**Assignment**:
Reproduce the entries exactly, but keep the pictures out of the copy.

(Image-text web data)
● ● ● ●
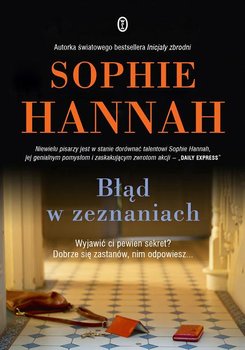 Błąd w zeznaniach - Hannah Sophie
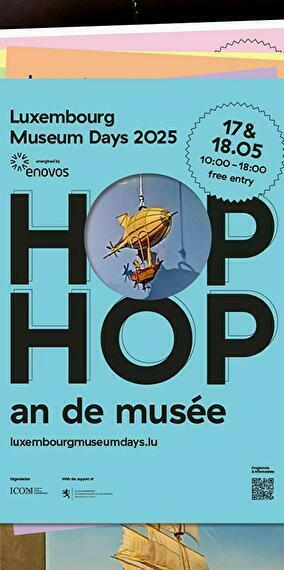 Luxembourg Museum Days 2025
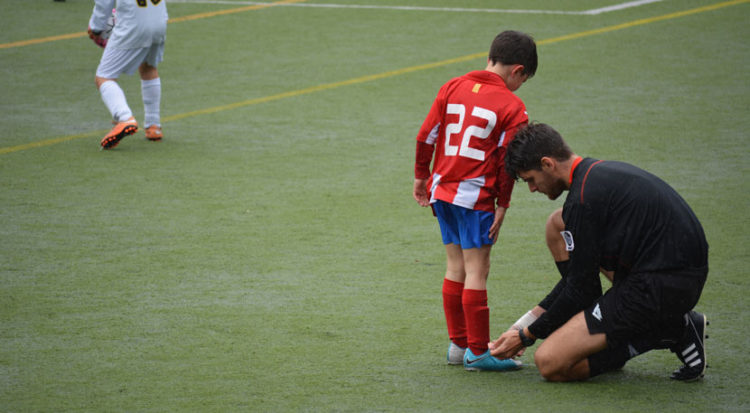 Cómo ser árbitro de fútbol: pruebas y requisitos Cómo ser árbitro de fútbol: pruebas y requisitos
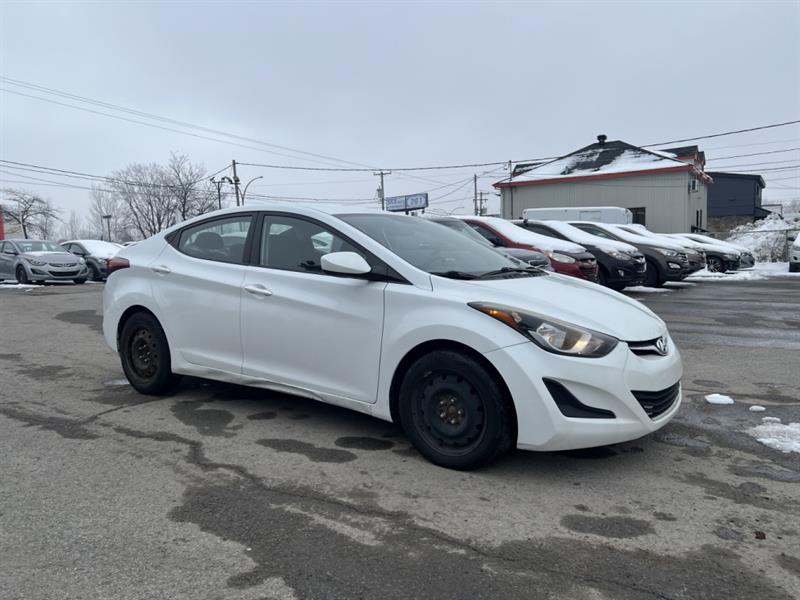 hyundai Elantra 2015 - 9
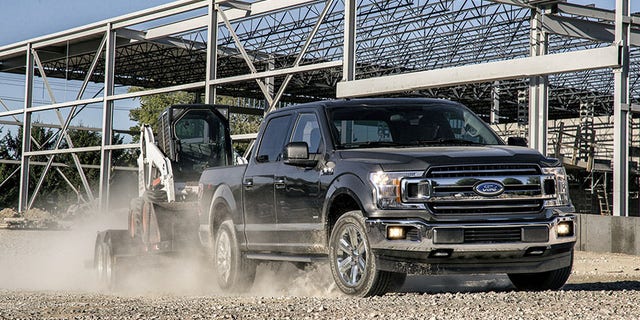 f-150 2018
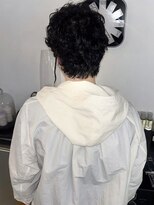 丹&nbsp;men's/short perm.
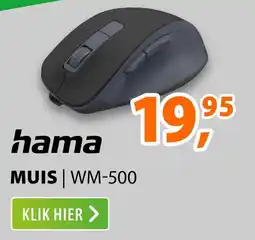 Expert hama muis | wm-500 aanbieding
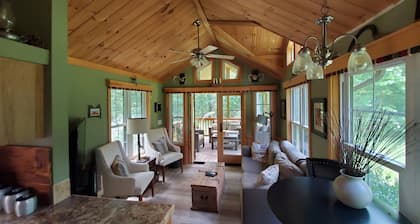 Bison Farm - Cabin "Vieja"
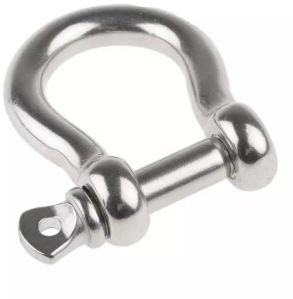 Stainless Steel Bow Shackle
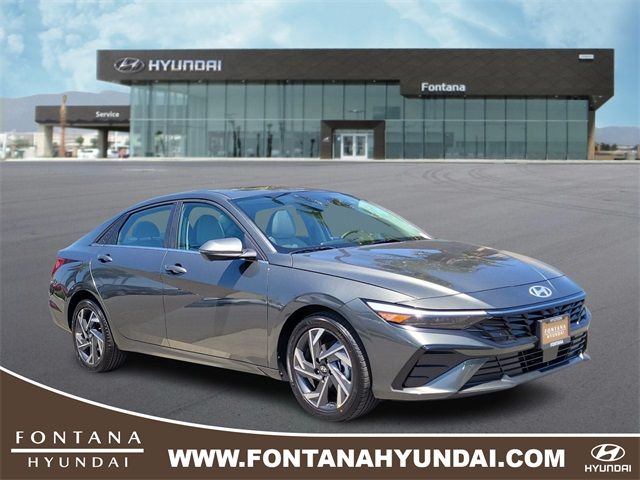 2024 Hyundai Elantra Limited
● ● ● ●
**Expected answer**:
 Błąd w zeznaniach - Hannah Sophie
 Luxembourg Museum Days 2025
 Cómo ser árbitro de fútbol: pruebas y requisitos Cómo ser árbitro de fútbol: pruebas y requisitos
 hyundai Elantra 2015 - 9
 f-150 2018
 丹&nbsp;men's/short perm.
 Expert hama muis | wm-500 aanbieding
 Bison Farm - Cabin "Vieja"
 Stainless Steel Bow Shackle
 2024 Hyundai Elantra Limited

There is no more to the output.